そんな認識しか持っていなかったペルシュシュカは大層驚き、しかし「こんな便利な人工魔石を作る手段の確立までどれほどエグいことしてきたのかしらね」と引きもした。
「魔力を込めるのもスムーズに吸うから楽だし、マジでそれ専用に作られた魔石って感じ。まったく恐ろしいな、ナレッジメカニクスってやつは」
「それには同意する」
「俺も本当は関わりたくないんだけど、まぁ俺の『最良』のためなら仕方ないか……」
後半はあまり聞かないようにしながらサルサムはお茶を口に運ぶ。
改めてとんでもない組織を相手にしているのだと実感した。考えることもまだ多い。自分は大丈夫だが――リータはどうだろうか。

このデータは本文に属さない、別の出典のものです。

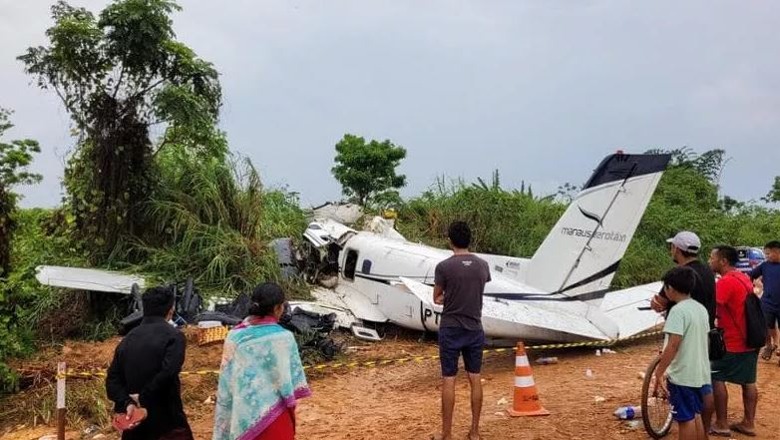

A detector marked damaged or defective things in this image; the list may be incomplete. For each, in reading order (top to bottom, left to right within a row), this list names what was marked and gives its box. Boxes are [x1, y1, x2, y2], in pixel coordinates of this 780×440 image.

crashed small airplane [302, 152, 672, 344] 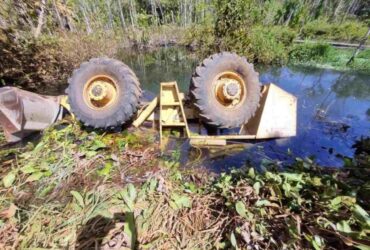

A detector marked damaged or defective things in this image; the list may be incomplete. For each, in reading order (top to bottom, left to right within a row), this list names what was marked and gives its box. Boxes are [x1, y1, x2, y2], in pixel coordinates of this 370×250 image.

不意にそう思い、ちらりとリータの様子を窺うと彼女は夢中でいくら丼を食べていた。
旅の最中に口にすることもあったが、基本的にフォレストエルフは海の幸と縁が薄い。
そしてリータは存外食べることが好きだ。
大食いではないが菜食メインのフォレストエルフには見えないほど色々と食べる。好き嫌いは特にないように見えた。
良い食べっぷりはサルサムも嫌いではないが、この店の料理は特に美味であることも手伝ってか普段より少しペースが早い。
「リータさん、お茶も美味いから食事の間に挟んでみないか」
「へ……? あっ、わっ、すみません、凄く美味しくてつい……!」
我に返ったリータは耳の先まで真っ赤になると大人しくお茶を啜った。
その様子にサルサムは思わず笑う。
(……あら?)
二人の様子を見ていたペルシュシュカは緩く首を傾げたが、しかしすぐに湧いた別の感想を口にした。
これは是非リクエストしておかねば。
「笑った顔も可愛いじゃないか、今度女装した時に見せてくれよ」
「次の予約を取るな」
笑顔を引っ込めたサルサムはペルシュシュカを一瞥もせずにそう言うと、もう一度お茶を口に運んだ。